Headcount at the Rustenburg operations was reduced by 1 300 with only 117 forced retrenchments, the company said.

It said it aimed to reduce the numbers further through outsource mining operations in 1 Shaft and the complete closure of Shaft 9. It expects to pay R1.6bn in restructuring costs for the 2020 financial year.

Amplats is currently involved in wage talks with organised labour.

Lee-Ann Samuel, Implats group executive for people, said relations with the majority union in the sector, the Association of Mineworkers and Construction Union (Amcu), were cordial.

“We have not had sticking points,” Samuels. “Amcu has also taken a lot of demands off the table. I am cautiously optimistic to see a conclusion very soon, hopefully before their conference in September.”

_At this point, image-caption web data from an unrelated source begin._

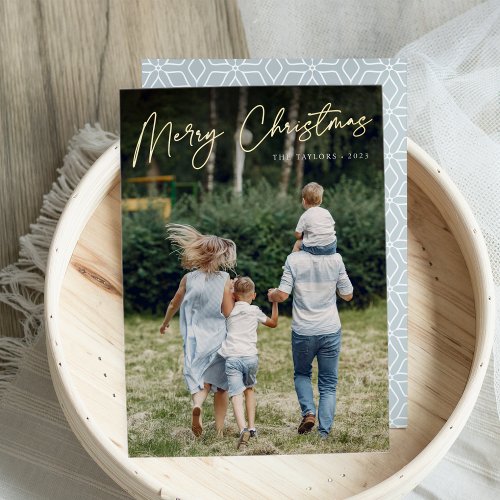 Autograph  Merry Christmas Vertical Photo Foil Holiday Card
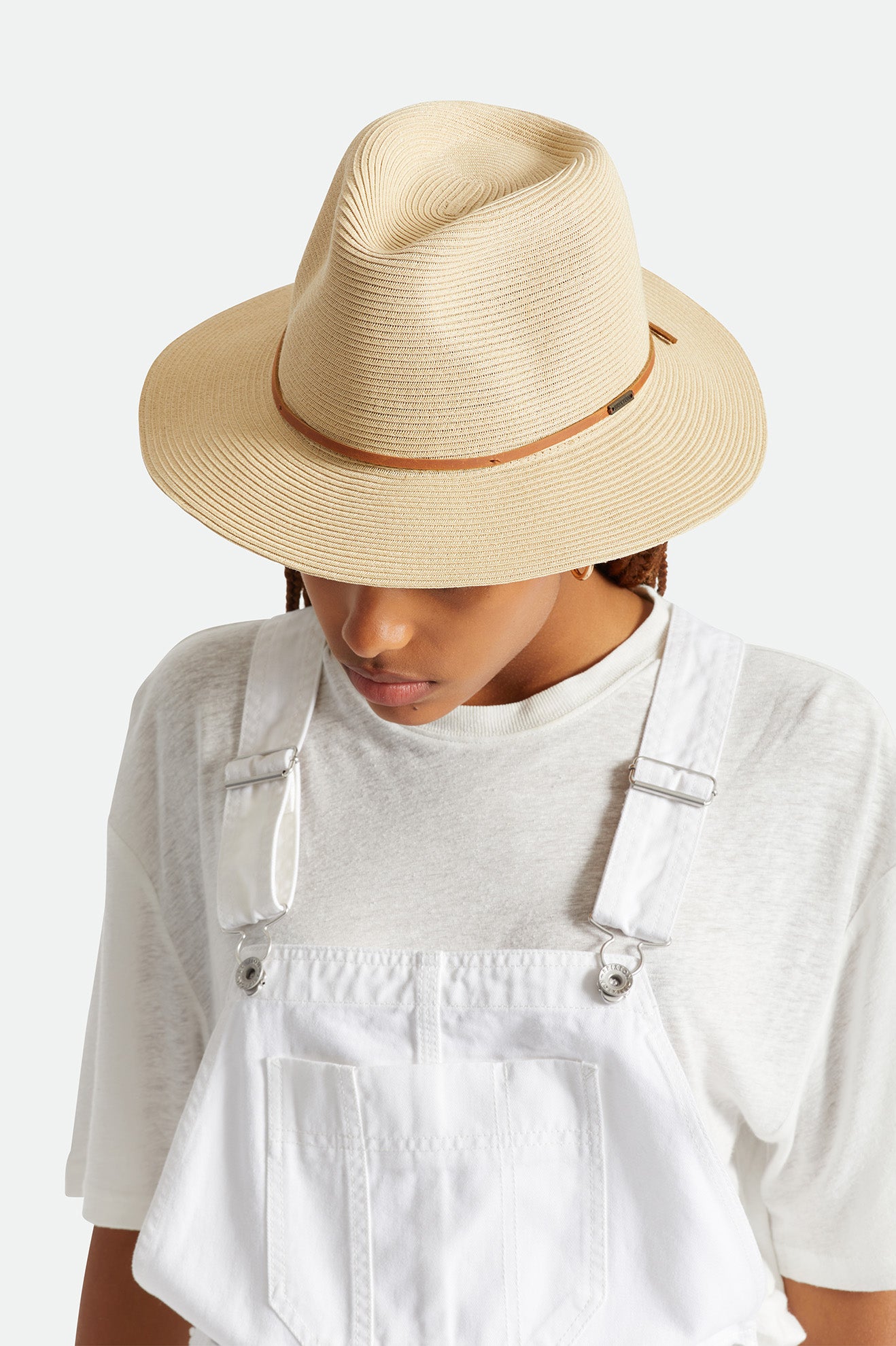 Women's Brixton Wesley Straw Packable Fedora Fedoras Brown | 4506OMEBG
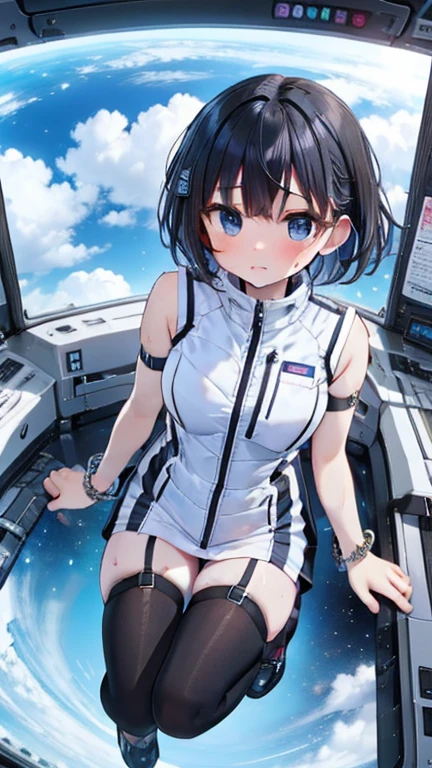 (Best Quality), (masterpiece), 1080P, High resolution, 4K, 8k, Inside the space station、Futuristic room、Thigh straps, Shooting from directly below, The woman on top of me, 白いsweat, Covered , sweat, Woman looking down, Skirt swimsuit, Thigh-high socks, To achieve this, , , whole body, Black leather shoes, Braided Hair, Inner Color, Embarrassed face, Short black hair, bracelet, bedroom,astrovest
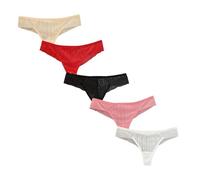 TTPSRY Lot de 5 Culottes Dentelle Femme Shorty Tanga Transparent Sousvêtements Confortables Respirants Lingerie Élégante sans Couture Quotidien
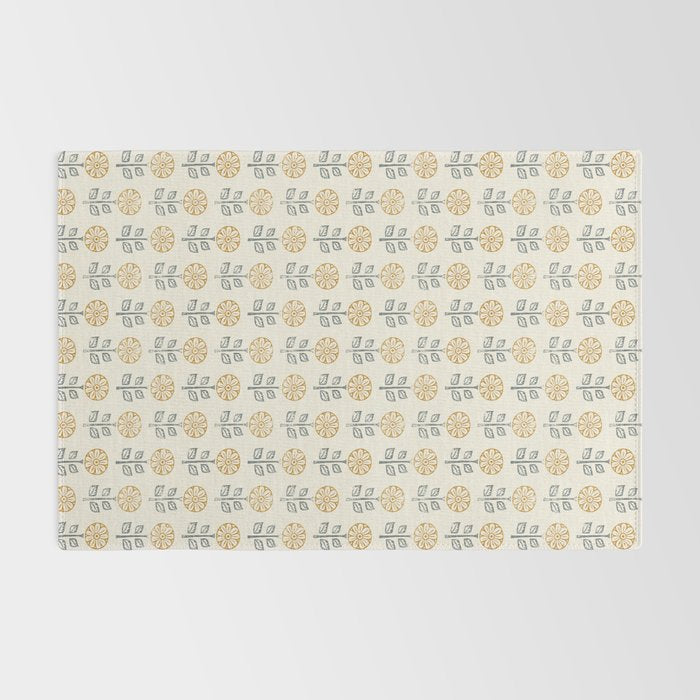 block print floral - mustard blue cream Rug Gallery Image 2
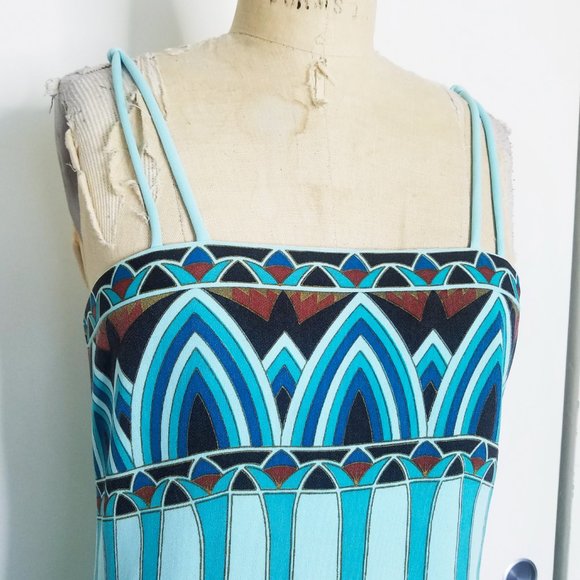 Egyptian Revival Alfred Shaheen Maxi Dress Med - Picture 2 of 8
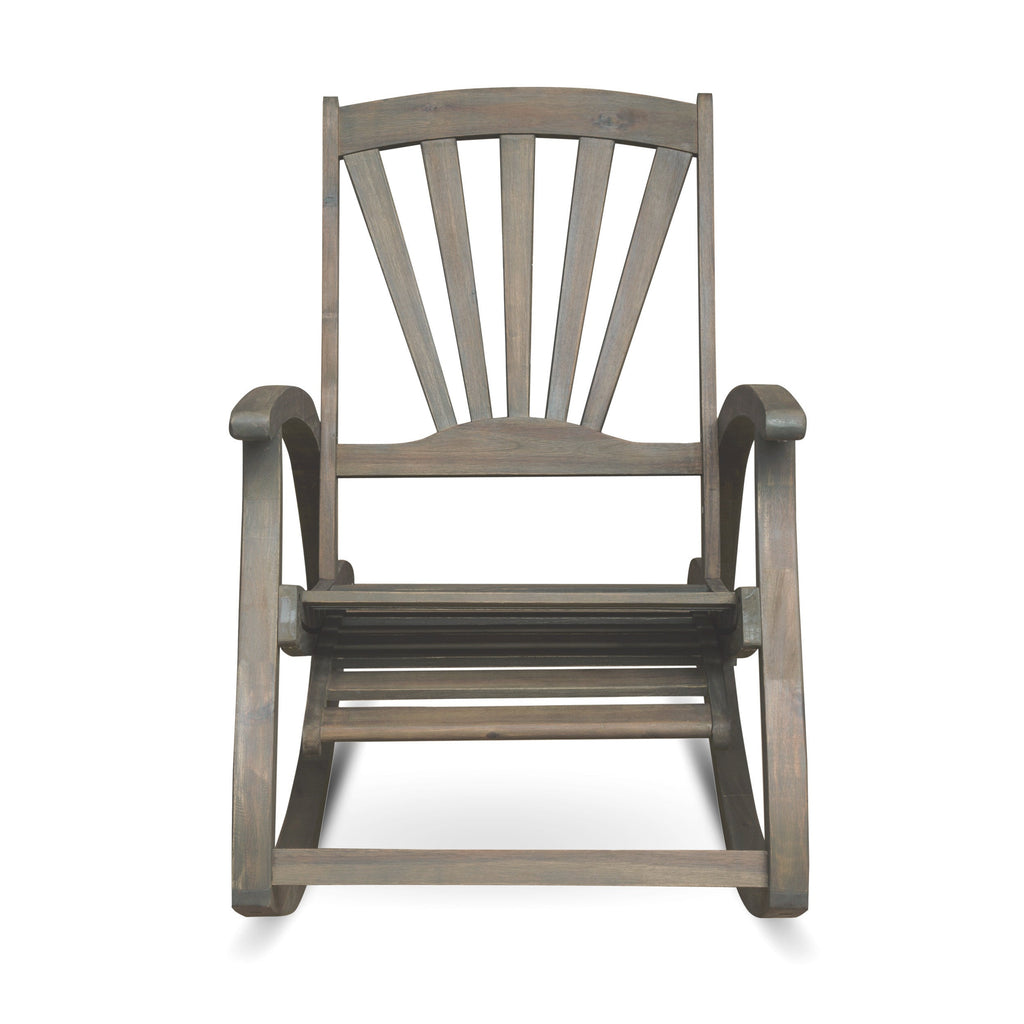 Outdoor Acacia Wood Rocking Chair with Retractable Foot Rest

The company said it had weathered the economic uncertainty and electricity crisis in Zimbabwe, which has endured 18-hour daily power cuts.

Stanley Segula, the managing director at Zimplats, said there had been no power disruption at the company.

Seleho Tsatsi, an investment analyst at Anchor Capital, said Implats reported a strong recovery in earnings and cash flows, as the rand PGM basket rallied 22 percent.